I feel like watching a bunch of Robin Williams movies.


----------



## professorjpj (Aug 12, 2014)

A friend I never had the honor of meeting.. the earth is a lesser place now..


----------



## Matt Derrick (Aug 12, 2014)

merged the two threads. man, yeah, some surprising shit. i was starting to think this guy would live forever.


----------



## randef (Aug 12, 2014)

I'm glad he suicided, even second attempt I hear. such a hack (as an actor). his pre-90s, non-impressions were golden though.


----------



## Matt Derrick (Aug 13, 2014)

randef said:


> I'm glad he suicided, even second attempt I hear.



You're an asshole. And when you've "suicided" we'll all breathe a collective sigh of relief. Moron.


----------



## Cree (Aug 13, 2014)

Randef


You are the walking reason for birth control.


----------



## eske silver (Aug 23, 2014)

randef said:


> Wah wah wah Blah blah blah whine whine whine me me me boobs, tits, dongs, wangers. I eat my own fart stickers, tiddledeehee!



What is the fucking point of you?


----------



## randef (Aug 23, 2014)

eske karl said:


> What is the fucking point of you? (no inserted petty ad hominems btw)


our opinion of some guy conflicts. realize subjectivity and eat a xanax .


----------



## Matt Derrick (Aug 24, 2014)

randef said:


> our opinion of some guy conflicts. realize subjectivity and eat a xanax .



realize you're a prick and eat a ban hammer.


----------



## Traveler (Aug 24, 2014)

*rimshot*


----------



## Cree (Aug 25, 2014)

game,,,set......


----------



## wrkrsunite (Sep 11, 2014)

Matt obviously this guy was a complete idiot with terrible taste but i can't help but wonder if banning him for this wasn't a bit of an overreaction ( if this is all he did). Ive always thought you used good reserved judgement in banning fools and obviously its your site but if you go to banning every crusty kid who has some idiotic shit to say you may be cutting off your nose to spite your website. Plus I wanted to flame the fucker some more. Just wondering?


----------



## professorjpj (Sep 11, 2014)

wrkrsunite said:


> Matt obviously this guy was a complete idiot with terrible taste but i can't help but wonder if banning him for this wasn't a bit of an overreaction ( if this is all he did). Ive always thought you used good reserved judgement in banning fools and obviously its your site but if you go to banning every crusty kid who has some idiotic shit to say you may be cutting off your nose to spite your website. Plus I wanted to flame the fucker some more. Just wondering?

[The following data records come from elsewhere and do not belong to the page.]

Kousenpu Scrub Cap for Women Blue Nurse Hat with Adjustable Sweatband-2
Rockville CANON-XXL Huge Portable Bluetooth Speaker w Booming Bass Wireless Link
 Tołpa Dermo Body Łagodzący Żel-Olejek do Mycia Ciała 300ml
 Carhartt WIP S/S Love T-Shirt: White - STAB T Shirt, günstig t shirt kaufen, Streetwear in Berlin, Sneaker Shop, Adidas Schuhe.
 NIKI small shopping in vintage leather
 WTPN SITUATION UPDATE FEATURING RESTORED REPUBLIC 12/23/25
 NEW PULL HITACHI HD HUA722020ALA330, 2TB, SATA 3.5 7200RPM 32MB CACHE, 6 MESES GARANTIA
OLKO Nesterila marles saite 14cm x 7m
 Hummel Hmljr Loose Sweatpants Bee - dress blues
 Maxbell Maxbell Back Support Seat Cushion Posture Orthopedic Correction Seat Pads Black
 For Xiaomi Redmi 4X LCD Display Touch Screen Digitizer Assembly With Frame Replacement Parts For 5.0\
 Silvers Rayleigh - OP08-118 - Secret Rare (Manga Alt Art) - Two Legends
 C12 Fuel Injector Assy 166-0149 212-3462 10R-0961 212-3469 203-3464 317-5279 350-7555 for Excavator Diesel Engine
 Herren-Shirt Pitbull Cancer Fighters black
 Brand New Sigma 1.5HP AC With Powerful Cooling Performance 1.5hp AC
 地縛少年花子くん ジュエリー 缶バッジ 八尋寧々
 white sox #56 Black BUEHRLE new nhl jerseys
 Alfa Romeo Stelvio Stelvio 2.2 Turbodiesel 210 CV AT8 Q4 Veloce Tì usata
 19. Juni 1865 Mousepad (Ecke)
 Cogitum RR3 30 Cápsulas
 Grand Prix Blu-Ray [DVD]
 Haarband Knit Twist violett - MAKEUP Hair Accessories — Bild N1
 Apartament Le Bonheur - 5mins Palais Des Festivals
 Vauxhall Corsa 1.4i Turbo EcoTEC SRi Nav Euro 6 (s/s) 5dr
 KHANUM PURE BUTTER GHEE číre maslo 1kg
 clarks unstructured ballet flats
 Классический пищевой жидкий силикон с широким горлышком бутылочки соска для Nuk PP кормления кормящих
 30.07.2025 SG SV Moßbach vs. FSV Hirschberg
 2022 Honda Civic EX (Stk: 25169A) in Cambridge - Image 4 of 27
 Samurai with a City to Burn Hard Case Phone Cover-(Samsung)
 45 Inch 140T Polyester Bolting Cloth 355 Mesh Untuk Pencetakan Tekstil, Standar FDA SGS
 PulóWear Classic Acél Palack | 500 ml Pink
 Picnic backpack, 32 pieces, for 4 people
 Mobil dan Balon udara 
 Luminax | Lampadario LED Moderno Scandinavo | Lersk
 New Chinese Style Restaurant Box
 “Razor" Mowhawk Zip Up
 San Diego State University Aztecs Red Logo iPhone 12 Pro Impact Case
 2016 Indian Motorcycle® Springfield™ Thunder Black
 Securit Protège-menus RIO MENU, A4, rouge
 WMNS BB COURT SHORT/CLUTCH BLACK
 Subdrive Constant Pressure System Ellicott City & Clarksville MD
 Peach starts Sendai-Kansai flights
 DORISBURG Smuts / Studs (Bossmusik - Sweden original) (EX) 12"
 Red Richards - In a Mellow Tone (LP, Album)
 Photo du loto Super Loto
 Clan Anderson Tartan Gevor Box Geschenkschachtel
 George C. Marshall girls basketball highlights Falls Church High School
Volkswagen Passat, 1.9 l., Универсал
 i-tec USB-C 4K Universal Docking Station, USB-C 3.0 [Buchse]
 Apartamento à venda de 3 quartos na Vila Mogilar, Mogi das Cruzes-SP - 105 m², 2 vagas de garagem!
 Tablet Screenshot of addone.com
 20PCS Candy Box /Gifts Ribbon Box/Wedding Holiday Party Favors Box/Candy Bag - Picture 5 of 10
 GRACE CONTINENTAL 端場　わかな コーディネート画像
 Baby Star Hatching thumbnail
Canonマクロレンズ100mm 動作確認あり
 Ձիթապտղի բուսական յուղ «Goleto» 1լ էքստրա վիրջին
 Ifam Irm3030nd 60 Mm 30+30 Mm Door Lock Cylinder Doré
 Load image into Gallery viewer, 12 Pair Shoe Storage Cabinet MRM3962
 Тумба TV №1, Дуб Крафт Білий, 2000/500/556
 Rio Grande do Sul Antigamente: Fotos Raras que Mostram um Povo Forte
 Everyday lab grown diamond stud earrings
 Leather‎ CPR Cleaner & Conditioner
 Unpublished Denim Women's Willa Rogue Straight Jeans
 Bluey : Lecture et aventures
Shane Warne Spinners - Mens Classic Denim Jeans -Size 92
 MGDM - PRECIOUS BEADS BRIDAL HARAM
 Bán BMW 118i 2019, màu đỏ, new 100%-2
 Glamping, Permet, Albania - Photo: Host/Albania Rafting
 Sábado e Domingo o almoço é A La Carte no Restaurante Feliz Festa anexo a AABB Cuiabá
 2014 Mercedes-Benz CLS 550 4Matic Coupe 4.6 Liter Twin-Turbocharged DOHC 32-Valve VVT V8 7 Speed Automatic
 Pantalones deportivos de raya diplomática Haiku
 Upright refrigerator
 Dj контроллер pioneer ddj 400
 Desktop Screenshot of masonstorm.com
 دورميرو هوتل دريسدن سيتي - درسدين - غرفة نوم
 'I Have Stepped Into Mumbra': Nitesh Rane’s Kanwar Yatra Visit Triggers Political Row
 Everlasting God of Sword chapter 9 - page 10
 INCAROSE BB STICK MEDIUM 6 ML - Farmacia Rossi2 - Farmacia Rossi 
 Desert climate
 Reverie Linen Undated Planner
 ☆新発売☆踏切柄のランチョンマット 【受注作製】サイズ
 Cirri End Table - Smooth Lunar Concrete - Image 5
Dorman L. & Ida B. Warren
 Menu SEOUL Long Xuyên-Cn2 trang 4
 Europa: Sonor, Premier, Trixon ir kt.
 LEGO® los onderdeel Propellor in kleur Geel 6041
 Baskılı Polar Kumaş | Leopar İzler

 Eventually, we ALWAYS get what we deserve!! That's my personal belief.. If someones a REAL douchebag, I said they are definitely banworthy!! Good riddance to bad rubbish


----------



## Kim Chee (Sep 11, 2014)

I'm in the "ostracize, abuse, torture and laugh at him before banning crowd."

I feel sad for anybody who is feeling so much pain that they consider suicide an option.


----------



## professorjpj (Sep 11, 2014)

mmmmmmmichael said:


> I'm in the "ostracize, abuse, torture and laugh at him before banning crowd."
> 
> I feel sad for anybody who is feeling so much pain that they consider suicide an option.


 Unfortunately, I have to admit, I've always considered it an "option", however, I probably wouldn't actually do it.. Since I was 17, I've had no really good reason to live or even exist.. However, I have learned that death comes on its own SOON ENOUGH, and therefore, no reason for me to speed up the process... SO I merely exist for the "little" things in the time I have left.. A cup of coffee, ice cream, fun carnival rides, etc... Those are my ONLY reasons for existing, period..


----------